Are we more knowledgeable?

Recently I have been reading Frank Websters book Theories of the Information Society, 3e, Routledge, London, 2006.  As I read the material in Webster, pp 25-30 I asked myself; ‘As our “society” has amassed greater information and knowledge, have we as members of smaller groups of society and as individuals equally grown in knowledge?’  I define knowledge as the use or application of information; and define information as bare data that floats about in space until called upon for use. 

Not that I am especially opposed to our president in the totality of his office, but the second paragraph of page 28 causes me to think of many of our leaders, society figures (whether B. Speers or one of the many heads of state), and frankly individuals.  Please note that I am not picking on the president, he only happens to be the one our author noted.  J 

We could speak of A. Hitler, Dan Quayle (remember him) or Osama BenLaden to name only a few of vast numbers of people who have or have had vast amounts of information at hand.  The same is with forms of bureaucracies and organizations.  For example the Sierra Club (of whom I find many of their endeavors fundamentally important to our ecological future) for years filed law suits in California and staged demonstrations to protect the natural forestation and grasslands of the state.  Their argument was that dead plant material should be left in place after a plant died.  This they logically stated allowed for small animal habitat which supports the ecosystem.  In short, that is the way nature meant it to be, so we should not change the natural role of the ecosystem.  Many scientists on both sides of the issue of the conservation issue testified for and against the use of “controlled burns” to help preserve the ecology of the state while simultaneously protecting human life from devastating uncontrolled wildfire if undergrowth (fire kindling) was allowed to increase in underdeveloped areas where suburbs were encroaching.  All of this testimony was based upon “information”, but arguably not all information was used productively in a knowledgeable fashion.  

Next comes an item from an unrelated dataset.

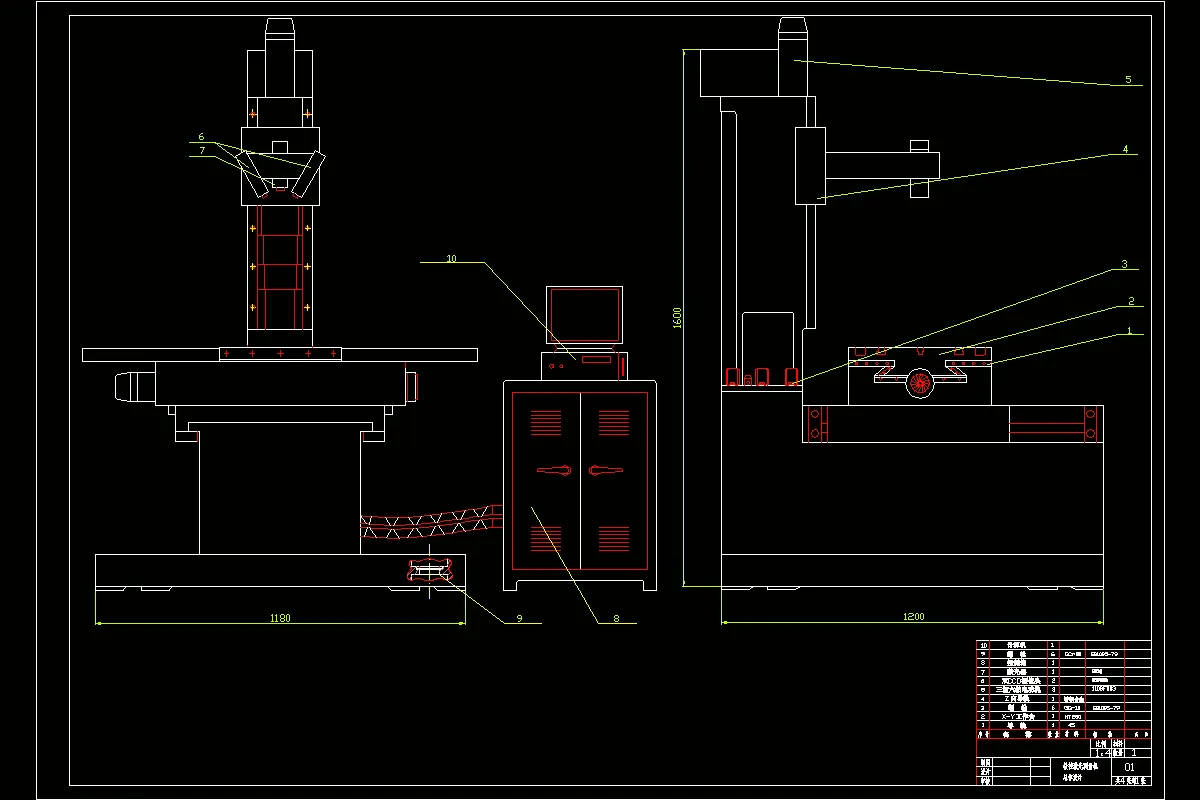JJ3369-数控激光测量机设计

In turn it is now argued that the devastating wildfires of California and adjoining states relates back to the huge percentage of dry fuel concentrated in the areas where the Sierra Club was successful in its mission in not disturbing nature.  Just an example. 

My point, the amount of information available need not necessarily lead to the ‘best’ use of that information.  While I agree that numerical analysis for classifications ICT’s has important use I tend to side (at this point) with the quality definitions.  That means we must establish some base line to measure accuracy.  Right?